Problem to solve – Lower down are entries containing pictures. Copy exactly, without those pictures, the lines from the line with "Gray Langur, Hindistan" through the line with "Lebădă de vară".

Dataset entries –
----

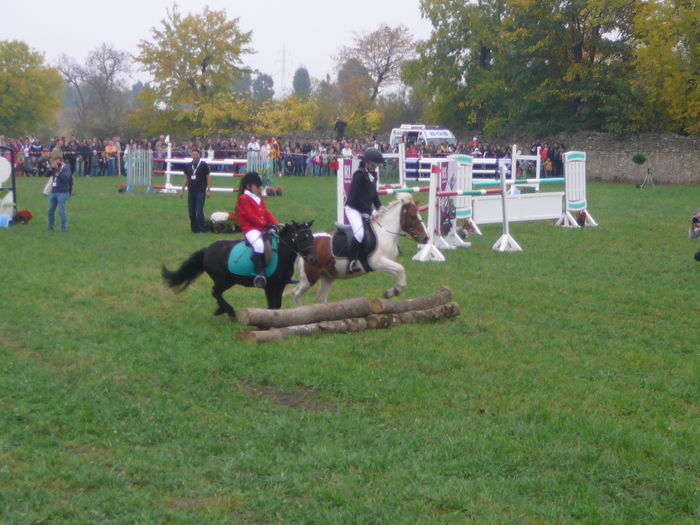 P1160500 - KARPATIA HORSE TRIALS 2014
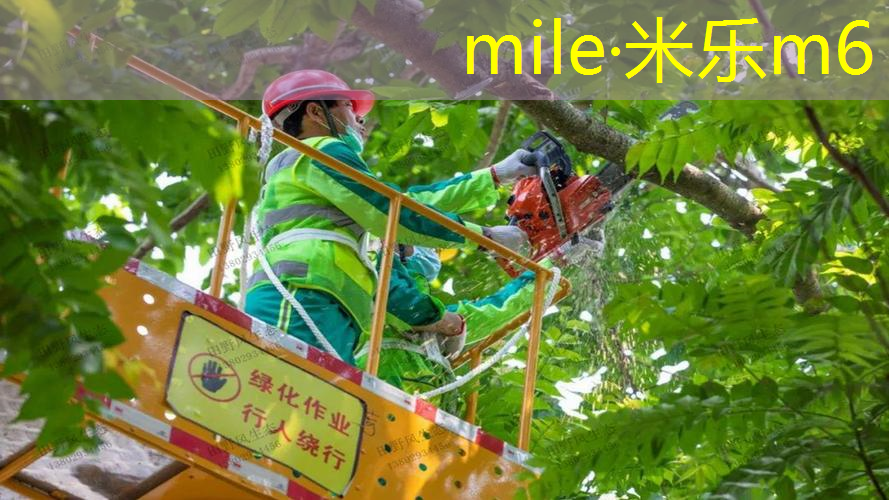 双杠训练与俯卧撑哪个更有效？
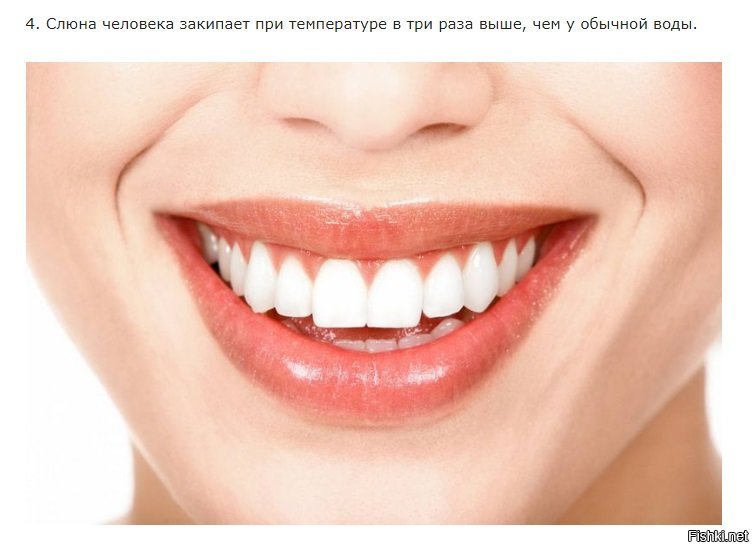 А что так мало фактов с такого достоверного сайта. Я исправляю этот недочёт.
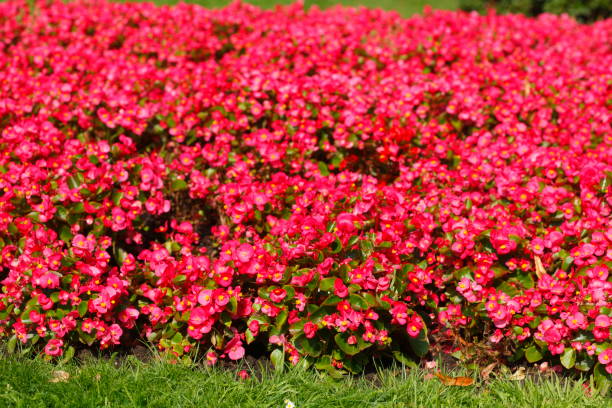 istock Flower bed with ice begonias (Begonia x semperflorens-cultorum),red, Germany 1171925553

----

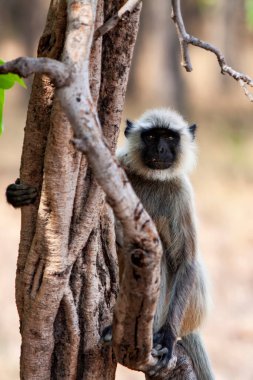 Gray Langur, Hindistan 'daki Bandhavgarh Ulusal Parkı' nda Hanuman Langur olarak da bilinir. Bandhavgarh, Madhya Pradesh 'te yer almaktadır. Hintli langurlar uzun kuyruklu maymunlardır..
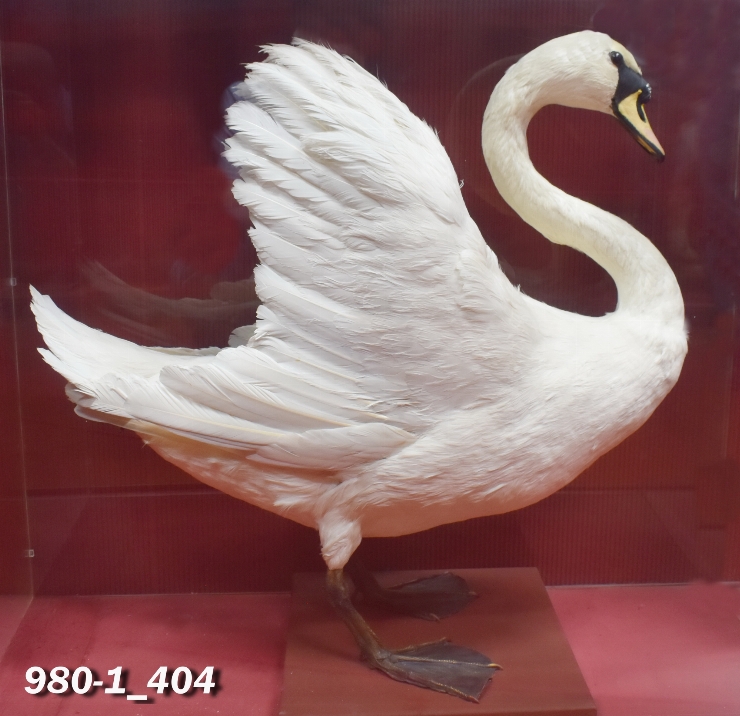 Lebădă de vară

----

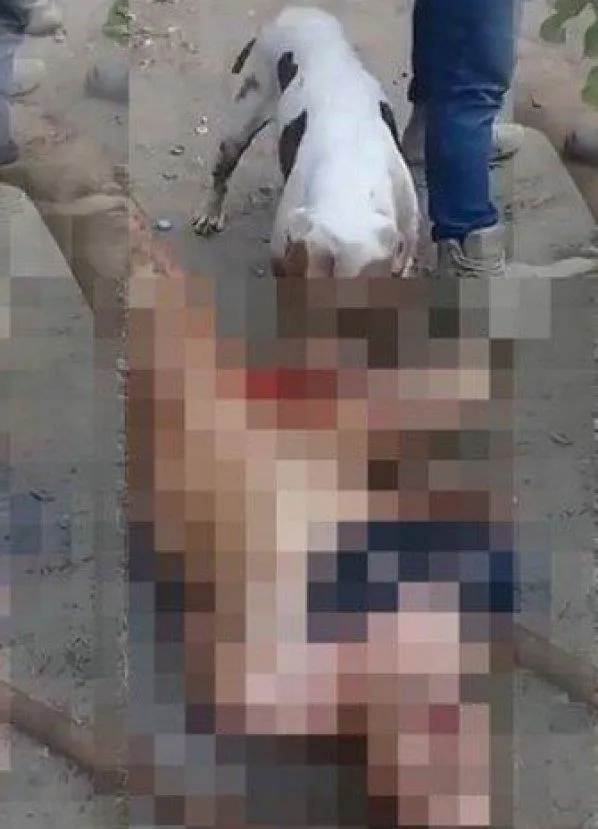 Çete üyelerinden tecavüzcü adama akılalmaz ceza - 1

----

Expected output –
 Gray Langur, Hindistan 'daki Bandhavgarh Ulusal Parkı' nda Hanuman Langur olarak da bilinir. Bandhavgarh, Madhya Pradesh 'te yer almaktadır. Hintli langurlar uzun kuyruklu maymunlardır..
 Lebădă de vară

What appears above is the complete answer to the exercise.